時代に合わせ、柔軟にその形を変えてきた漫才。その歴史上には、数々のエピソードが残されています。
ここでは、思わず人に話したくなるような、知られざる漫才トリビアをご紹介します!

漫才の本場と言えば大阪! これに異論を挟む人はいないでしょう。しかし、江戸時代、愛知県の尾張地方がその中心だった時期があるのです。先に「萬歳」を紹介しましたが、中でも絶大な人気を集めたのが愛知県の三河萬歳。きっかけは1594年に豊臣秀吉が京や大阪で芸事を生業にしている人たちを、荒地開墾のために呼び寄せたこと。秀吉の死後も、この地に残った彼らは、その芸の質の高さもあって、多いに人気を集めました。特に徳川家康が彼らを溺愛し、17の県を巡礼する権利を与え、関東一円にまで勢力を拡大。「江戸の萬歳=三河萬歳」と言われるまでに発展しました。この三河萬歳(現在は万歳)は国の重要無形民俗文化財に指定されており、今でも鑑賞することができます。
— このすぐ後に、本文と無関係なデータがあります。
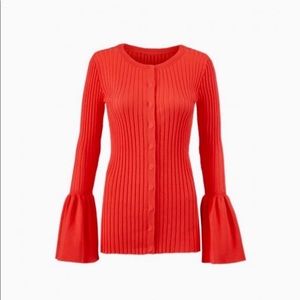 Cabi #5285 Trumpet Bell Sleeve Sweater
関東と関西の笑いの違いを考えたとき、ポイントになるのが「ツッコミ」です。関東の人はボケた瞬間に笑い、関西の人はツッコミを待って笑うという違いがあるそうです。そのため、関西で受けるのはツッコミのうまいコンビ、東京で受けるのはボケがおもしろかったり、キャラクターが突出しているコンビという傾向が見られます。現状、関西で売れて関東に出てくるという流れが主流になっていますが、その際にツッコミの度合いを調整するコンビも少なくないとか。今後、場所と観客の反応の関連を見ながら漫才を見ると、いつもと違う一面が発見できるかもしれません。
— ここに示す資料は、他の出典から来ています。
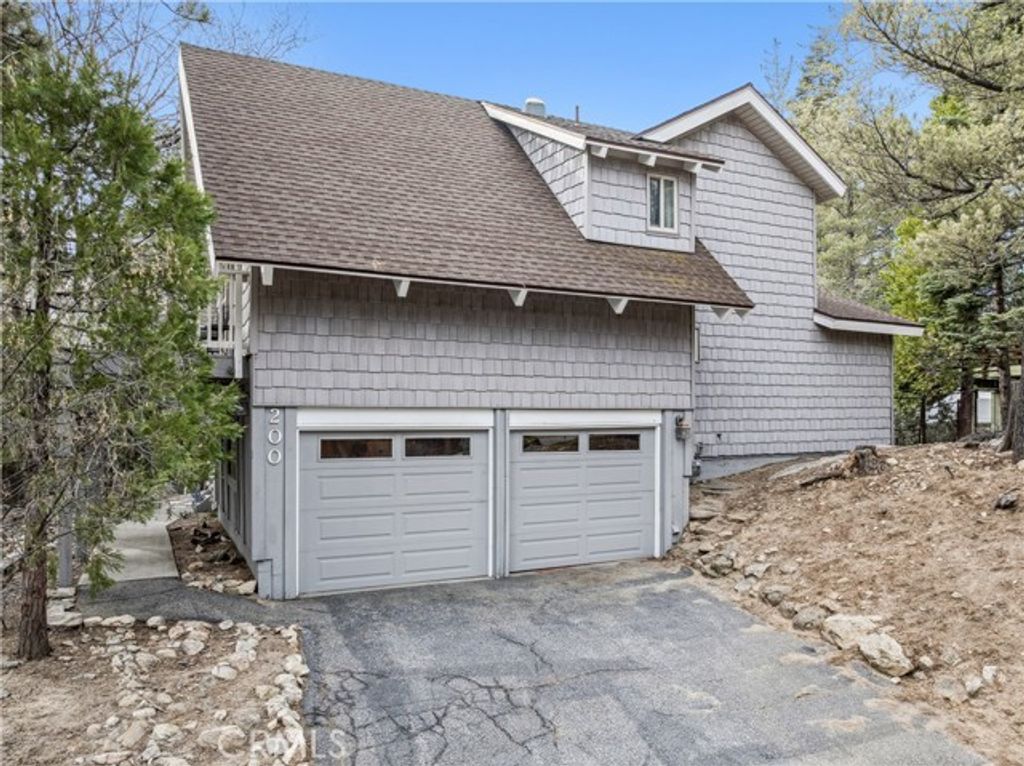 200 Birchwood, Lake Arrowhead, CA 92352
漫才が世に広まった要因の一つが、養成学校の存在です。それまでは、師匠に弟子入りすることが唯一の入り口でした。人気の漫才師に弟子入りするために何年も待つこともあったそうで、非常に門戸が狭いものでした。もっとも古いお笑いの養成所は1968年に設立された松竹芸能タレント養成所でした。その後、1977年に人力舎のスクールJCA、1982年には吉本総合芸能学院(NSC)が開校。弟子入りからではなく、養成所で相方を見つけ、バックアップを受けながらデビューするという流れが一般的になっていきました。育成環境が整備されたことが、漫才を大きく成長させた原動力だったんですね。
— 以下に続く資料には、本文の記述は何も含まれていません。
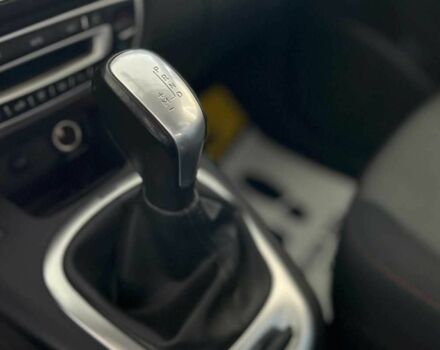 Красный Рено Сценик, объемом двигателя 1.5 л и пробегом 135 тыс. км за 12100 $, фото 18 на Automoto.ua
落語や能、狂言など、伝統的な芸事の中で、「漫才」ほど私たちの日常生活に根付いているものはありません。その理由の一つが「型がない」こと。落語であれば一人の人間が着物を着て座って…という型があり、能や狂言にもそれはあります。型があるからこそ魅力がある一方、変わり続ける時代に柔軟に対応しづらいという側面もあります。その点、漫才には固定の「型」がなく、時代に合わせた柔軟なスタイルが生まれやすいという利点があります。漫才は時代の空気を反映し、凝縮させた芸。今の漫才師がラフな普段着で漫才に望んだり、ダブルボケやダブルツッコミがあったりと、バリエーションに富んでいること自体が漫才繁栄の理由なんですね。
しゃべくりを基本とする言葉の掛け合いが漫才の特徴。しかし、長い歴史の中には、思わず目を疑うようなネタもあったようです。ここでは、過去に存在した前衛的なネタと現役で活躍中の新しい漫才スタイルを見ていきましょう。

● ゴリラ漫才…林家染団治・小川雅子
● ボクシング漫才…中田ダイマル・ラケット
● タコ漫才…漫画トリオ
● ホラ吹き漫才…横山たかし・ひろし
● ボヤキ漫才…人生幸朗・生恵幸子
● いきり漫才…NON STYLE
● ズレ漫才…オードリー
● ノリボケ漫才…ハライチ
● 貴族漫才…髭男爵
● あるある漫才…テツandトモ
● スケッチブック漫才…いつもここから
多くの人に愛され続けてきた漫才。その裏には様々な出来事や人のチャレンジがあったんですね。
この幅の広さこそが、漫才繁栄の理由なのかもしれません。
そして、今回は相羽先生のオススメにも挙げられていた、東の雄・ナイツへの特別インタビューを敢行!
彼らの漫才への熱い思いを聞きました!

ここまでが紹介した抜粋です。